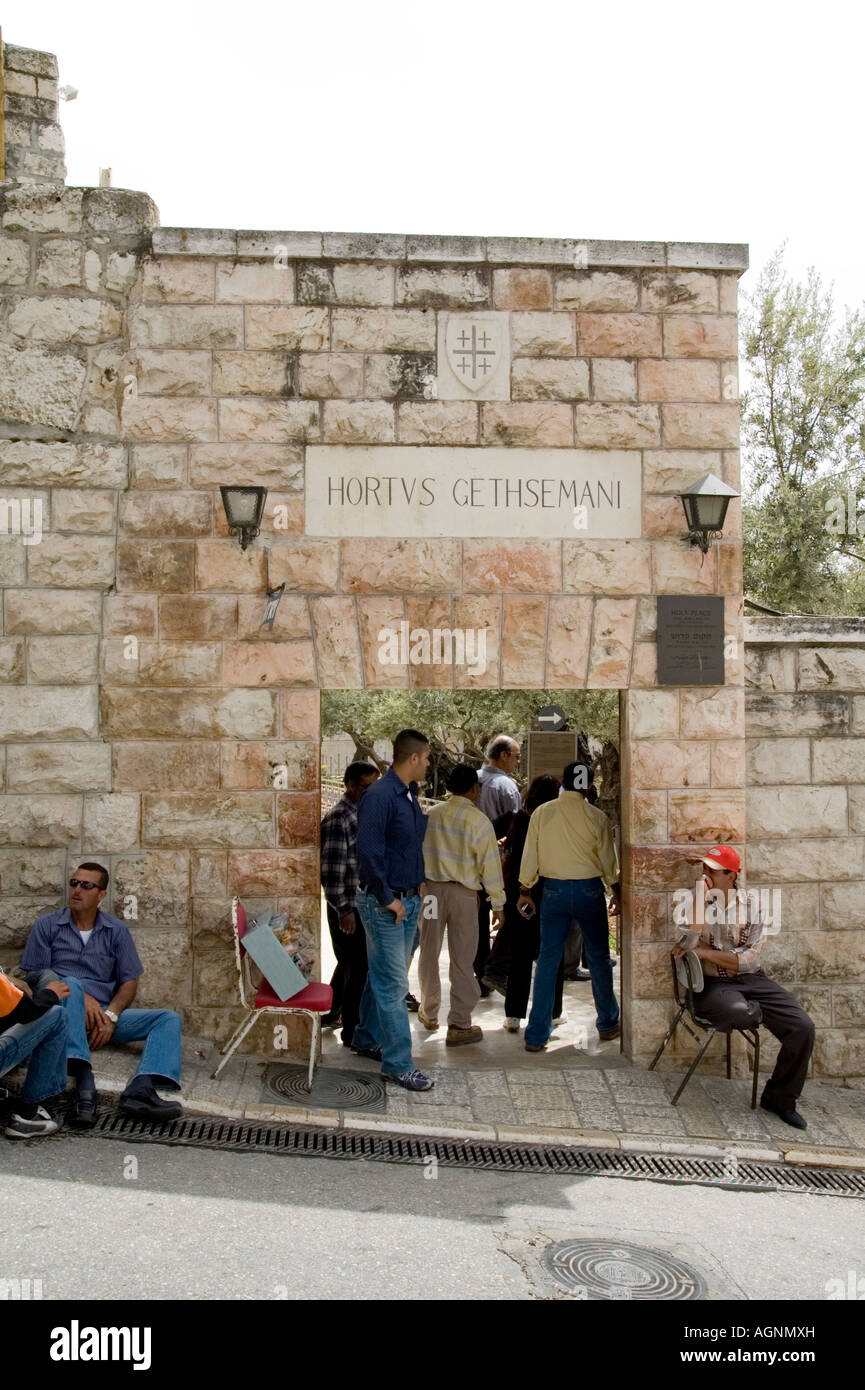 Israel Jerusalem The entrance to the garden of Gethsemane in the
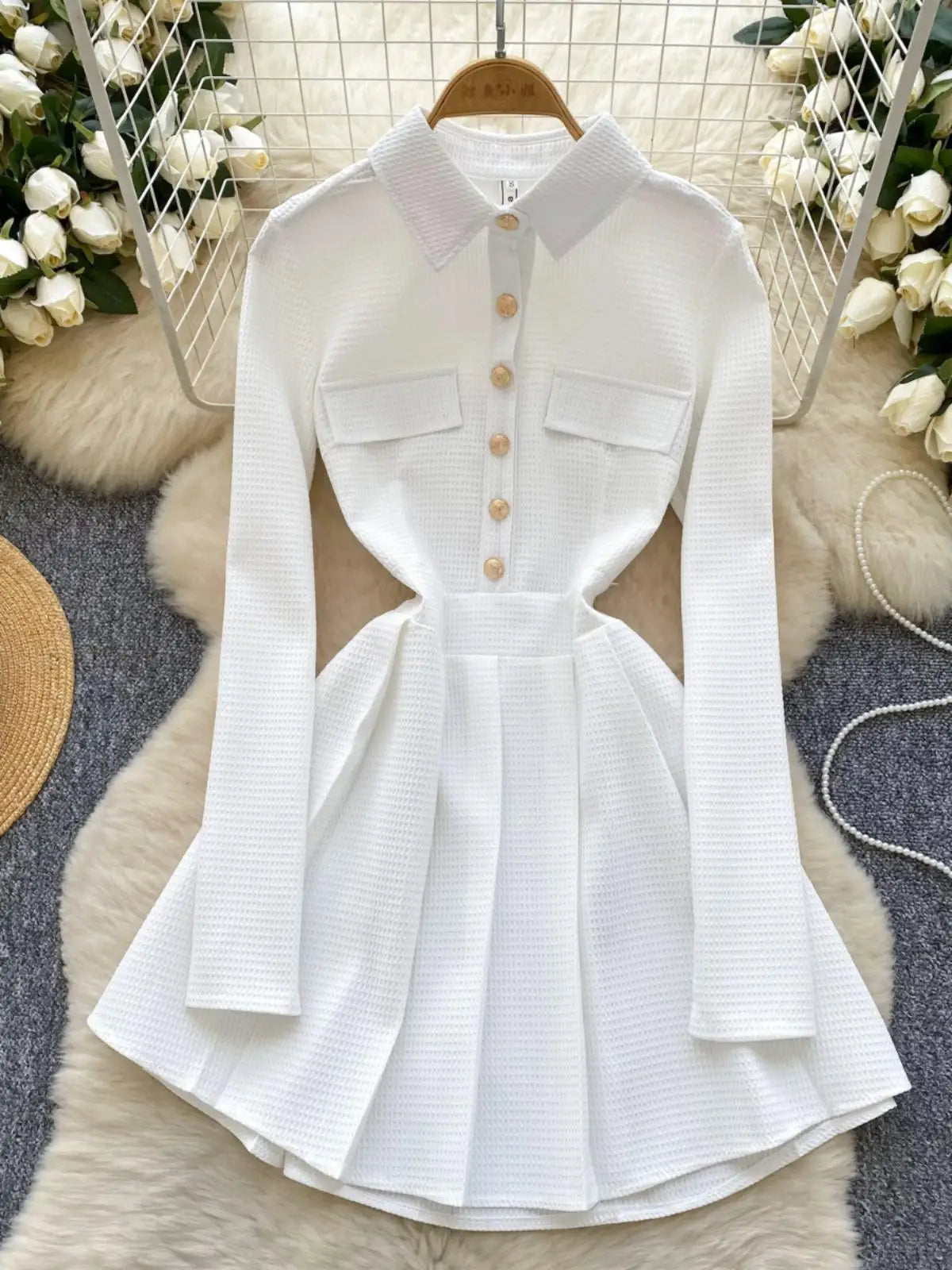 Spring Autumn 2025 New Women Fashion Black White Elegant Long Sleeved Short Dress Vintage Pink Single Breasted Party Dress Trend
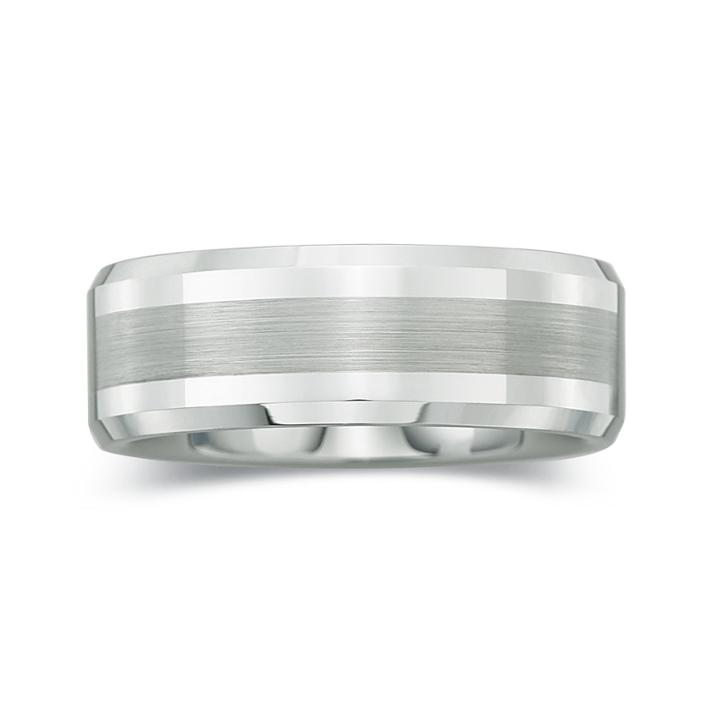 Mens 8mm Comfort Fit Satin Center Ring In Tungsten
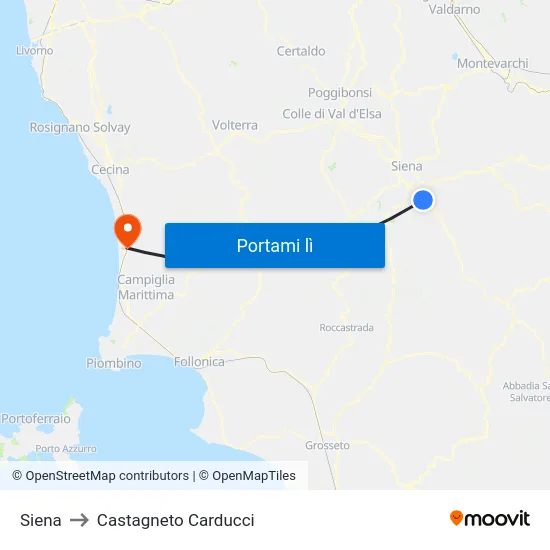 Siena to Castagneto Carducci map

#### [Task item]
Provide a precise transcription of the listing, excluding each picture.

#### [Response for this exercise]
 Israel Jerusalem The entrance to the garden of Gethsemane in the
 Spring Autumn 2025 New Women Fashion Black White Elegant Long Sleeved Short Dress Vintage Pink Single Breasted Party Dress Trend
 Mens 8mm Comfort Fit Satin Center Ring In Tungsten
 Siena to Castagneto Carducci map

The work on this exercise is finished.